Salué dès ses premières parutions, après quinze ans de lutte pour être édité, le romancier Roger Jon Ellory dépeint dans de sombres fresques une Amérique meurtrière et rongée par la culpabilité, loin de l'Angleterre qui l'a vu naître.

«J'écris sur les États-Unis parce qu'ils ont le FBI, la CIA, Hollywood, Las Vegas et New York, Elvis et le jazz, la mafia, la peine de mort, Marilyn et les Kennedy», énumère-t-il à l'AFP en marge du festival Quais du Polar à Lyon, dans le centre de la France, dont il est l'une des têtes d'affiche.
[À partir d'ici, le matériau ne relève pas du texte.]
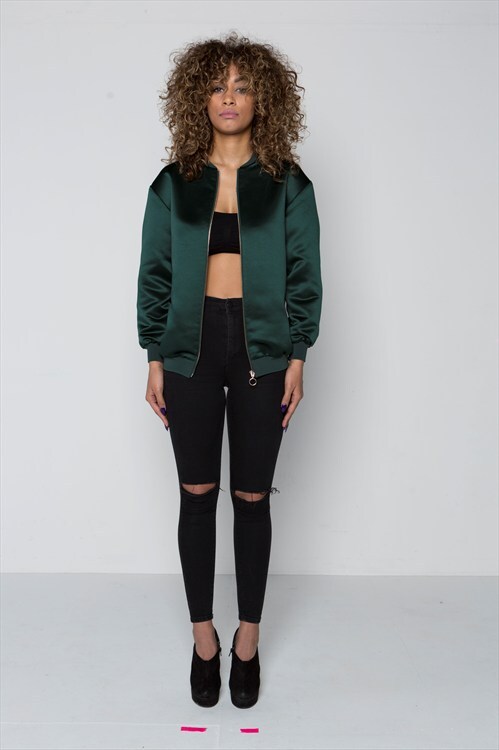 Our wood green satin jacket back in stock in September <3
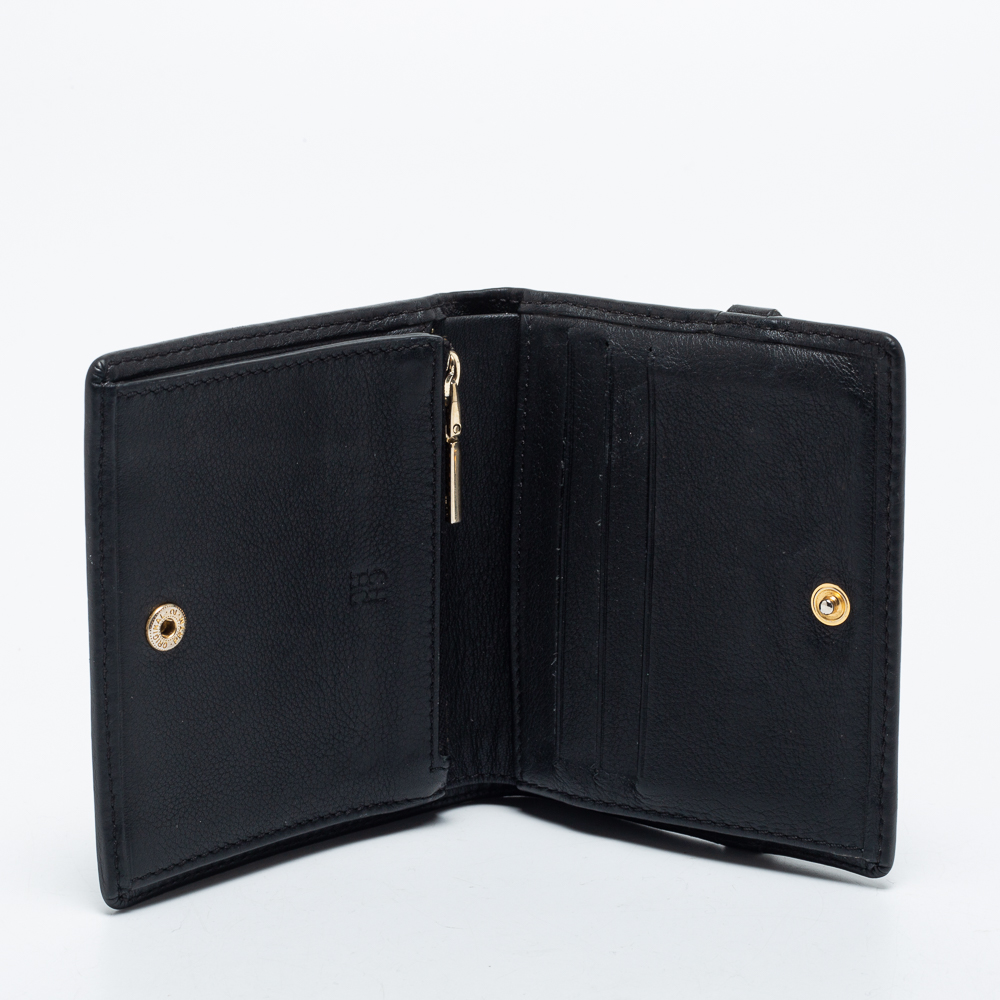 

CH Carolina Herrera Black Leather Bow Compact Wallet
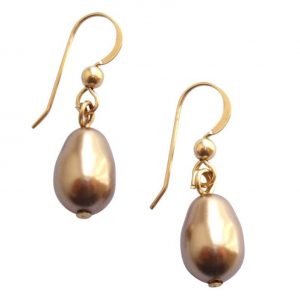 Gemshine - Damen - Ohrringe - Perlen - Champagner - Tropfen - Vergoldet - 11 mm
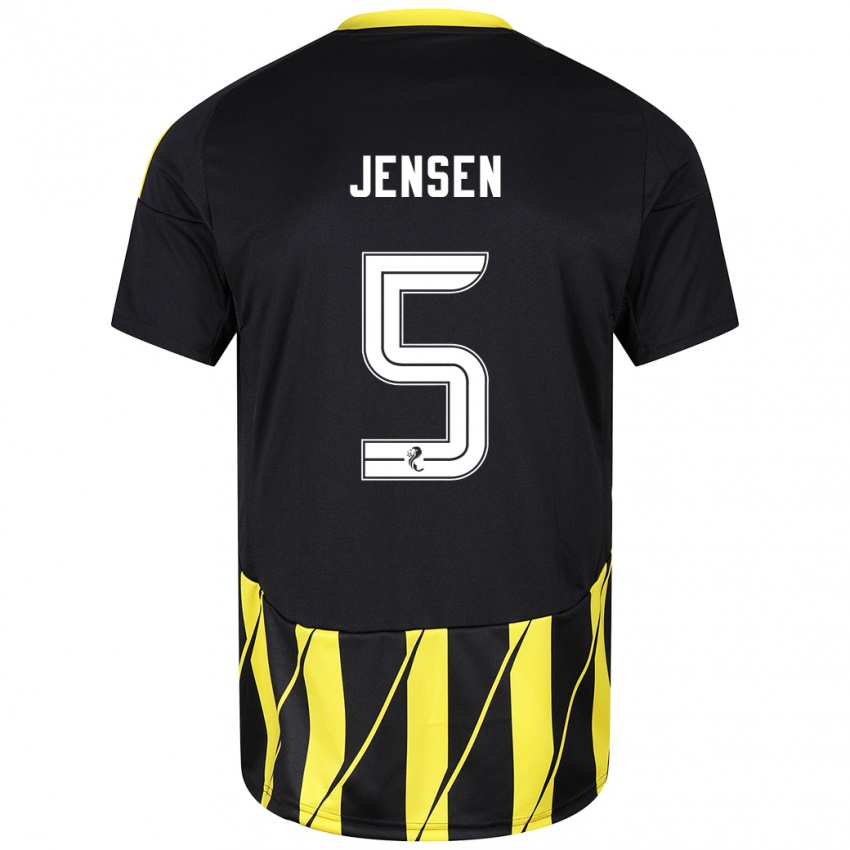 Homme Maillot Richard Jensen #5 Noir Jaune Tenues Extérieur 2024/25 T-Shirt Suisse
«Alors que l'Angleterre a le thé, les vertes pelouses et les églises de campagne, les sandwiches au jambon et le Seigneur des Anneaux», complète dans un sourire espiègle le romancier de 45 ans, carrure massive, chevelure et barbichette rousse.

La vie de cet enfant de Birmingham, qui n'a jamais connu son père et a perdu sa mère à sept ans, n'a pourtant rien de paisible: envoyé en pension avant d'être confié à sa grand-mère, il est emprisonné à 17 ans pour... avoir dérobé des poulets dans un monastère.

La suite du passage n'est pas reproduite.